# New Place, few changes...



## Se7en (Mar 28, 2007)

So, we recently did a move, as our last condo was being sold out from under us (increasingly common in the Bay Area). We ended up in a single-room style loft space. The trick here is that my subs are passive and really need to be corner loaded to prevent doing damage. 

Given that there were only two sets of corners in the entire space, I was forced to make some interesting concessions regarding overall placement. As a result, I ended up with a dedicated music space and listening chair, which doesn't serve any additional AV pr TV support functions. I've also rotated some gear out, only keeping my corner subs (because they work so well) and the Lyngdorf integrated (active xo, time alignment & power dac) due to it's flexibility.
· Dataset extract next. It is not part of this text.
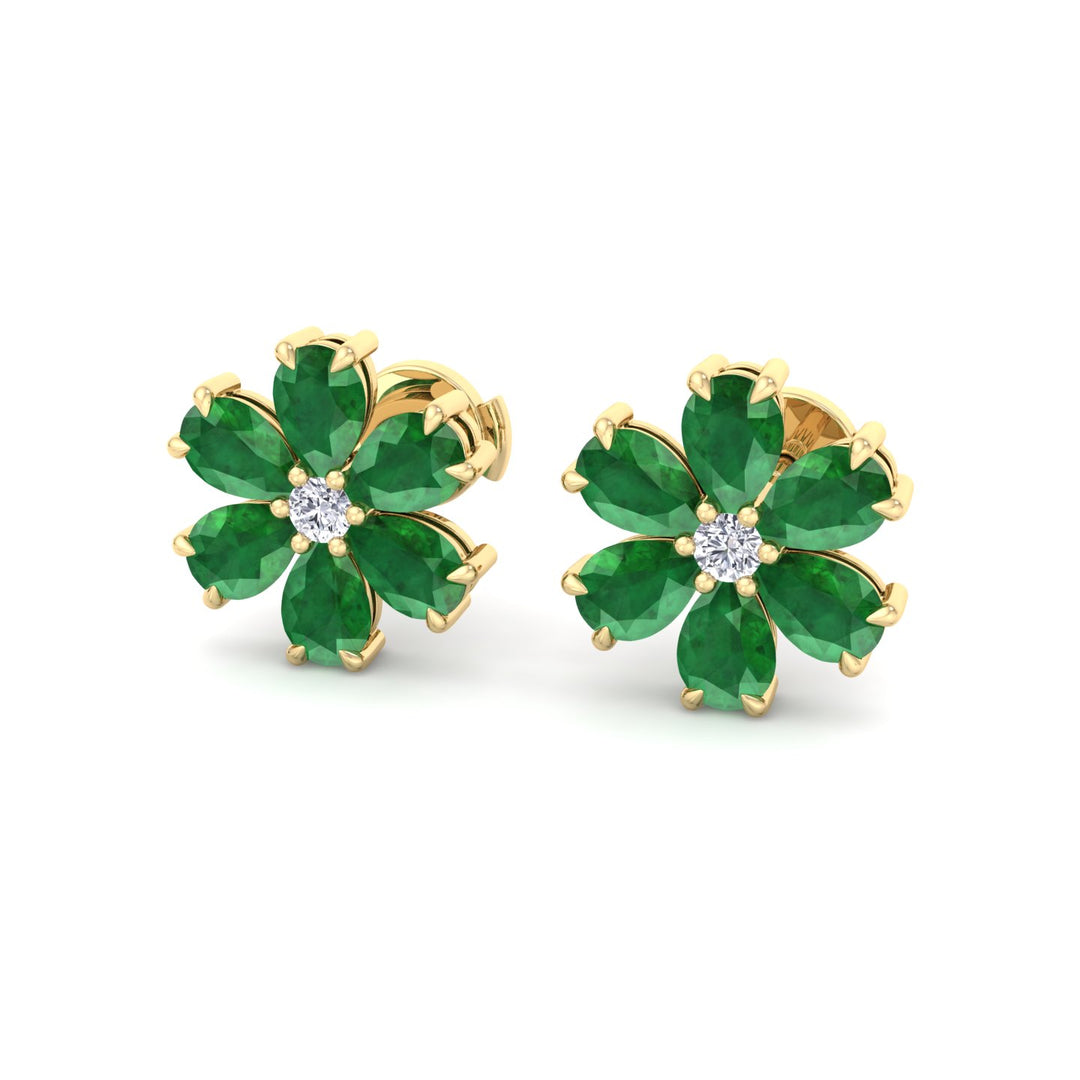 Favi - Pear Shaped Emerald & Diamond Cluster Earrings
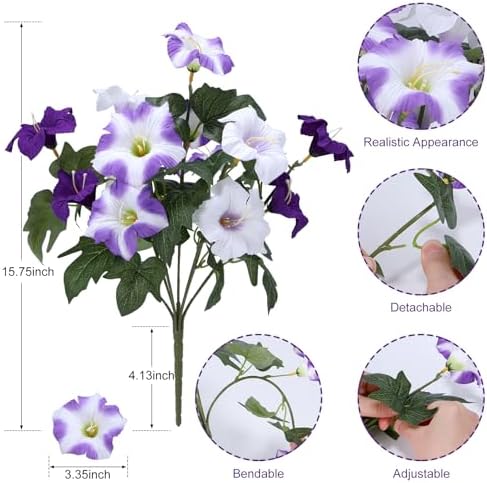 Geegoods Artificial Petunias Flowers for Outdoors, 8 Bundles UV Resistant - Image 3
It's currently being used to power the subs. 

Most of the other changes were made due to wanted to play with something different, while respecting a rather constrained budget.
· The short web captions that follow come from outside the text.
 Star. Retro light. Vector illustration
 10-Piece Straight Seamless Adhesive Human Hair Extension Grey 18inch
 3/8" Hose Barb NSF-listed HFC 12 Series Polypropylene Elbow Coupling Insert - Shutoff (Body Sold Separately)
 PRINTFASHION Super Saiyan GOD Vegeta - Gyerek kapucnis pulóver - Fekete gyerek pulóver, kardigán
New (used) amps: Quicksilver Horn Monos. 25wpc pure class A. They came with some Sovtek EL34s, which I recently changed out for some Gold Lion KT-77s.



















Some fresh logs for the fire 










The most significant change was the addition of some BD Design Oris 150s. The way that these things unpack sound into a room is simply incredible. 

I also lucked out with the use of the Tang Band 1808 drivers. They're a really good for all types of music and aren't so efficient that they outmatch my subs (both are around 101-103db/1w/1m). 

I played with the horns in different locations, but at the end of the day, it simply sounded best with them sitting on the corner subs (which are horn loading into the room). It behaves very much like a point source. The sound in this room is the best that I've ever had, and it's damned near holographic.



















A few more fun pics of the space...




























Major Hangover & The dog..


----------



## Se7en (Mar 28, 2007)

A few additions...

Sophia Electric s.e.t. 300B monos. I've had these for a few months now and have been very very happy with them. 










A few days ago some fresh Sophia Electric Royal Princess tubes... The sound is pretty unreal.










Last but not least, I upgraded the 8" full range drivers to AER BD Alnico. These are rated at 106db/1W. Very happy with these too.


----------



## Lycancatt (Apr 11, 2010)

a fine system! I miss my 6 watt tube rig with 15 coaxials..just would not work in the new place so I went back to boring monitors I know well..


----------